India's semiconductor push: ambitions, challenges and the India Semiconductor Mission
A government report says India faces steep challenges in chip manufacturing but must pursue it for national security, with the ₹76,000 crore India Semiconductor Mission and a first fab planned at Dholera by 2028.
A new government policy report has set out both the scale of India's ambition in semiconductors and the steep challenges ahead. The two main messages are clear: India faces serious hurdles in building world-class chip manufacturing, but national interest requires pursuing this field firmly despite the difficulties.
Semiconductors, or chips, sit inside almost all electronics, from phones and laptops to defence equipment. Yet India still does not have a single fabrication unit (fab) in operation. The first is expected to open in Dholera, Gujarat, by 2028, with around ten more at various stages of development. Several chip packaging and testing facilities have been heavily supported by central and some state governments.
Much of this effort runs through the India Semiconductor Mission (ISM), a fund of about ₹76,000 crore. It is largely earmarked for fabs, incentives for component manufacturing and subsidised access to industry-grade chip design tools for students and academia. The most ambitious fab projects have received capital subsidies of more than 50 percent, while others get incentives linked to output.
The report stresses that these are still early days, as even chips used in domestic electronics assembly are mostly imported. It warns that geopolitical risks, such as a disruption in Taiwan, could badly hit the global supply chain, and that relying on foreign-made chips in defence systems raises national security threats. Building a fab typically takes four to five years before production begins, and developing skilled talent takes years more. The report calls for sustained, mission-mode commitment over a decade or more, and for a second phase needing an estimated $45-60 billion in state spending, focused on lower-risk, "mature" and strategically relevant chips rather than only the most cutting-edge ones.
For exams, this is a high-value science, economy and security topic.
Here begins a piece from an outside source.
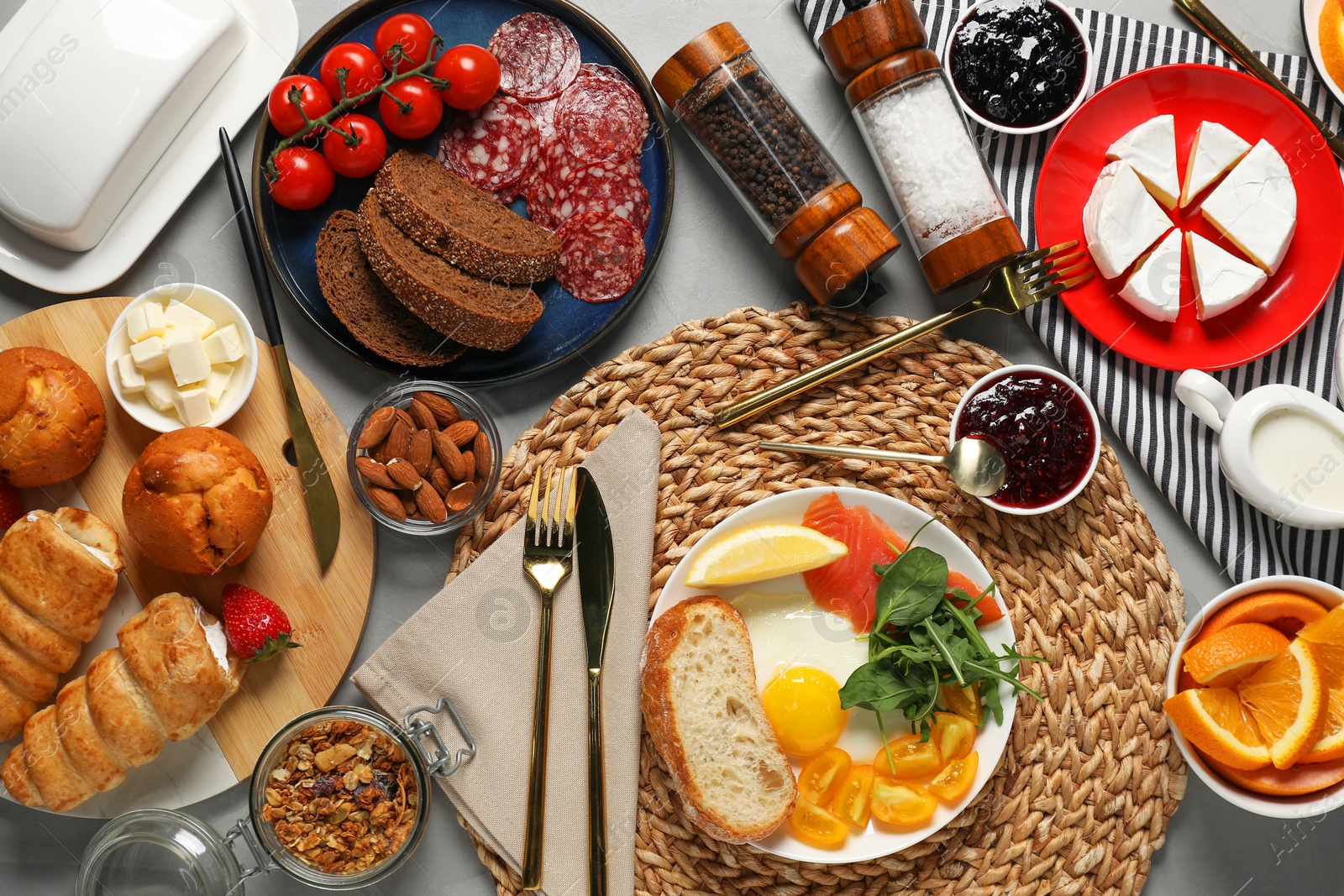 Photo of Different tasty food served for brunch on grey table, flat lay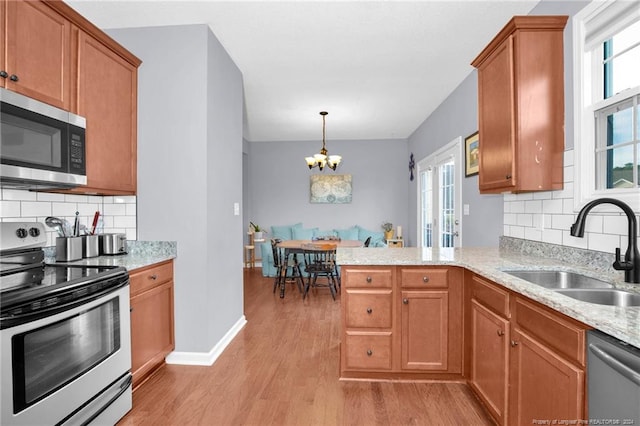 kitchen with sink, stainless steel appliances, tasteful backsplash, a notable chandelier, and light wood-type flooring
Aspirants should remember why chips are strategically important, the India Semiconductor Mission and its ₹76,000 crore corpus, the planned first fab at Dholera by 2028, and the supply-chain and national-security reasons behind India's drive to make chips at home.
Key Points to Remember
- Semiconductors are used in nearly all electronics, including defence equipment
- India has no operational fab yet; the first is expected at Dholera, Gujarat by 2028
- The India Semiconductor Mission (ISM) has a corpus of about ₹76,000 crore
- Top fab projects have received capital subsidies of over 50 percent
- Geopolitical risks and reliance on imported chips for defence raise security concerns
- A second ISM phase may need an estimated $45-60 billion over ten years
Exam Relevance
Covers science and technology, economy and national security in one topic, with concrete schemes and figures useful for general studies.